Dataset extract ::
═══

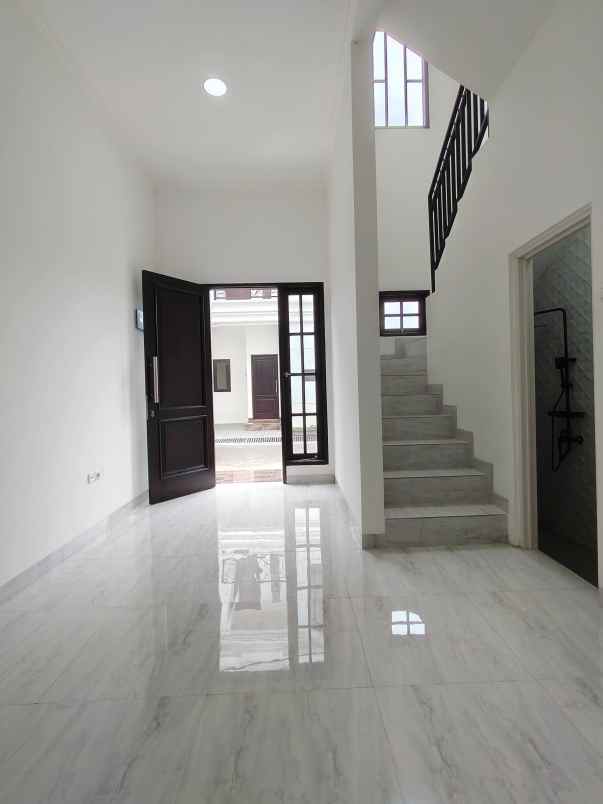 dijual rumah condet jakarta timur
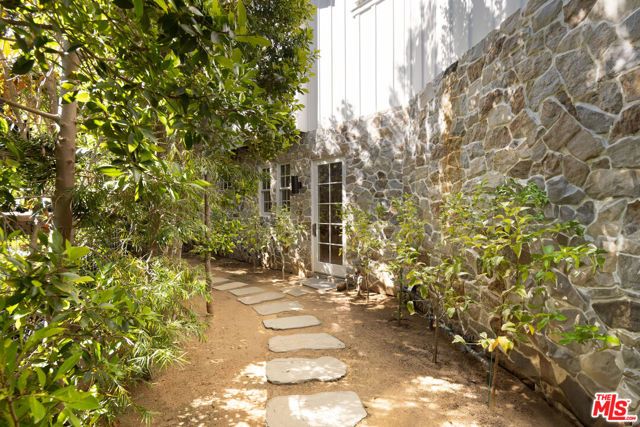 664 Elkins Road, Los Angeles, CA 90049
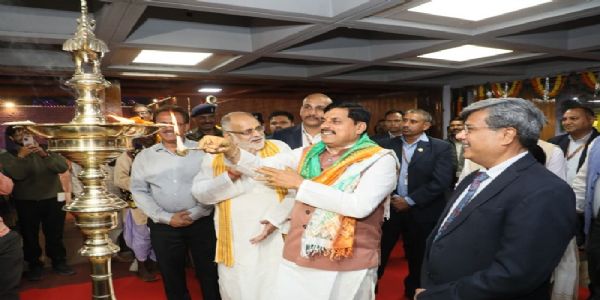 कला से दूरियाँ मिटती है, मन का बोझ हल्का होता है और समाज में बढ़ता सौहार्द : मुख्यमंत्री डॉ. यादव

═══

Aim of the exercise ::
The material above is to be transcribed exactly, with all pictures omitted.

Response ::
 dijual rumah condet jakarta timur
 664 Elkins Road, Los Angeles, CA 90049
 कला से दूरियाँ मिटती है, मन का बोझ हल्का होता है और समाज में बढ़ता सौहार्द : मुख्यमंत्री डॉ. यादव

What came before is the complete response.